E depois de alguns momentos de reviravolta, novamente a trama cai no velho conceito da mesmice. Gafes aqui e acolá, clichês e melancolia, até quando ela vai investindo no que a fez diferente: A personagem principal (?) e vilã da novela, Flora, vivida por Patrícia Pillar. Eu não sei como elogiar mais a atuação dessa mulher. Ela mostra extrema competência nos momentos de lidar com as diversas extensões de sua personagem. Ora boa, ora ordinária, com a capacidade de duelar com suas diversas personalidades de maneira equilibrada e alterná-las tão fluentemente, que a torna crível o bastante para idolatrá-la. O olhar, a expressão fácil, o tom de voz… Oscar! Globo de Ouro! Ao mesmo tempo, o autor cria situações realmente interessantes, utilizando-se sabiamente dos personagens secundários e exigindo de toda a equipe de atores um trabalho mais dedicado.
Enquanto novamente podemos observar toda essa trama como uma reciclagem de outras, podemos também, numa opinião bem particular, imaginar o quanto as novelas são responsáveis pela introdução dos espectadores no mundo cinematográfico – seja pela sua qualidade ou falta dela -, onde essa massa acostuma-se gradativamente com situações mais complexas e uma trama mais ousada, além do reconhecimento de boas atuações – como reações imaturas do público com atrizes como Patrícia Pillar e Aline Morais, que acabam por confundir o personagem com o ator.

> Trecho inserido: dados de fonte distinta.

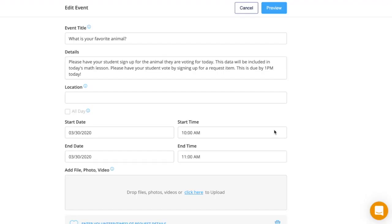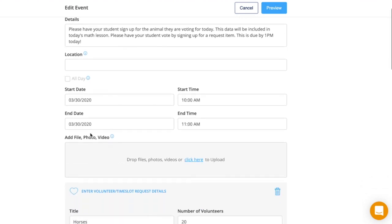Start by filling out the details. For the event title, I put 'What is your favorite animal?' In the details, I explain to parents how they would have their student vote. For the start and end date, I put it for the same day.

E por mais que sejamos inconformados com a preocupação das emissoras com o retorno econômico – conseqüentemente moldando a trama aos padrões da sociedade -, podemos ver isso tudo com proporções muito maiores em Hollywood. Portanto, o vão entre cinema e telenovela talvez seja muito menor do que se esperava. Provavelmente porque um seja derivado do outro – não necessariamente nessa ordem -, ou porque de alguma forma, assemelham-se em seus propósitos.
É interessante que nos permitimos observar esse meio comunicativo com outros olhos. Não como alguém que acredita que aquilo foi feito para a mãe ou para a avó, mas que vê na novela uma responsável não só por denunciar temas de extrema relevância na sociedade atual (há quem classifique como alienação), mas como uma forma acessível e popular de introdução na arte de um mero componente da massa. Vamos deixar o orgulho e a hipocrisia de lado e assumir o quanto tudo isso é importante para o Brasil e constitui sim um dos grandes tesouros nacionais, junto com o cinema, música e literatura. E raciocinando melhor, eu mantenho minha postura de não-noveleiro, mas não nego que sou um observador de primeira, e que lá no fundo curto todo esse programa. E sei que bem lá no fundo, quem leu até aqui, também é.